Kapolres Blitar, AKBP Ahmad Fanani mengatakan, dari kedua pelaku, polisi mengamankan sejumlah barang bukti berupa, 5 unit motor, 2 unit handphone, kunci T dan sebuah tang.

“Pelaku bernama Pekok diamankan terlebih dahulu. Kemudian dari keterangannya kami berhasil mengamankan satu pelaku lain, yaitu tersangka ND,” ujar Fanani, Rabu (2/9/2020).

| Baca Juga:  Polisi Gadungan Cabuli ABG Kelayapan Malam

Dikatakan Fanani, kedua pelaku ini mencari motor yang terparkir di tempat-tempat sepi. Satu pelaku bertugas mengawasi kondisi sekitar, satu lagi sebagai eksekutor.

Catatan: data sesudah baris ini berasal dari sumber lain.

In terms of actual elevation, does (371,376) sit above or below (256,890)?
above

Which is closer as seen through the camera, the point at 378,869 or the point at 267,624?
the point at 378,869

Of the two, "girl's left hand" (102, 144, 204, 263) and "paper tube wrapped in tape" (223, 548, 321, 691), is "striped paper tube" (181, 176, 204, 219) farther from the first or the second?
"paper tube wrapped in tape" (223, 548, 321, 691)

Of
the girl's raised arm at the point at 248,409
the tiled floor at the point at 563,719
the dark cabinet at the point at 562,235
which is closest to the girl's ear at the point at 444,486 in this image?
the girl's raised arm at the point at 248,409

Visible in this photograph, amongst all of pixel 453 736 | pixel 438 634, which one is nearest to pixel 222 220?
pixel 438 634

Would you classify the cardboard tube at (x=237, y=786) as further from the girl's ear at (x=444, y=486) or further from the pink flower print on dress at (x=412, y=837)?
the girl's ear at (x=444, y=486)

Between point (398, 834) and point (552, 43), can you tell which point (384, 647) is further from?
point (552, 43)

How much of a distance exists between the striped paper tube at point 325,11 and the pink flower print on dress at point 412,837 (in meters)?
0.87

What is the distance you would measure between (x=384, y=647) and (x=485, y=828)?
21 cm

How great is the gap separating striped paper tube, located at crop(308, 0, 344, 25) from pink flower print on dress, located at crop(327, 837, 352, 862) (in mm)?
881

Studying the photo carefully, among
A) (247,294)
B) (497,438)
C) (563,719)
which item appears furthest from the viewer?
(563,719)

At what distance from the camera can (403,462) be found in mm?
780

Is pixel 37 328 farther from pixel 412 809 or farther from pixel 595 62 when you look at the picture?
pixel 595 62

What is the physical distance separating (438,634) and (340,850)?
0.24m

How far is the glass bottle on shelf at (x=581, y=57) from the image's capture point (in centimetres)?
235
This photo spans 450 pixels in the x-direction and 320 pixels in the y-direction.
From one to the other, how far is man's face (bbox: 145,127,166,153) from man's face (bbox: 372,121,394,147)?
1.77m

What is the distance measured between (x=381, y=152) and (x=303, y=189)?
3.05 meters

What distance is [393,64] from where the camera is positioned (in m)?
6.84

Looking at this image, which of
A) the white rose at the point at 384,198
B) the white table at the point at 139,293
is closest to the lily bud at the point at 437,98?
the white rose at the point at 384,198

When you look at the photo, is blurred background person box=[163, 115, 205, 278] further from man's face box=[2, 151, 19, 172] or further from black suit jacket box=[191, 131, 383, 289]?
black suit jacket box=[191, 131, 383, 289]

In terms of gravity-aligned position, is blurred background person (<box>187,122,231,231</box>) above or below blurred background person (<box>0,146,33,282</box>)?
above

“Modus keduanya adalah dengan mencari sasaran ke tempat-tempat sepi. Seperti di persawahan atau motor yang ditinggalkan pemiliknya di pinggir jalan. Satu pelaku bertugas mengawasi kondisi sekitar kemudian satu lagi bertugas mengeksekusi,” paparnya.

Keduanya merupakan residivis, bahkan tersangka atas nama Nanang Dwi sudah 4 kali keluar masuk penjara atas kasus perampokan.

Nanang mengaku dia bekerja sebagai sopir angkutan umum. Namun masa pandemi Covid-19 membuat sepi penumpang, sehingga dia kembali kumat melancarkan aksi kejahatan.

| Baca Juga:  Maling Sepeda Spesialis Jumatan Diamankan

“Gara-gara Corona penumpang sepi lalu saya nyuri lagi,” ujar Nanang saat pres rilis di Mapolres Blitar.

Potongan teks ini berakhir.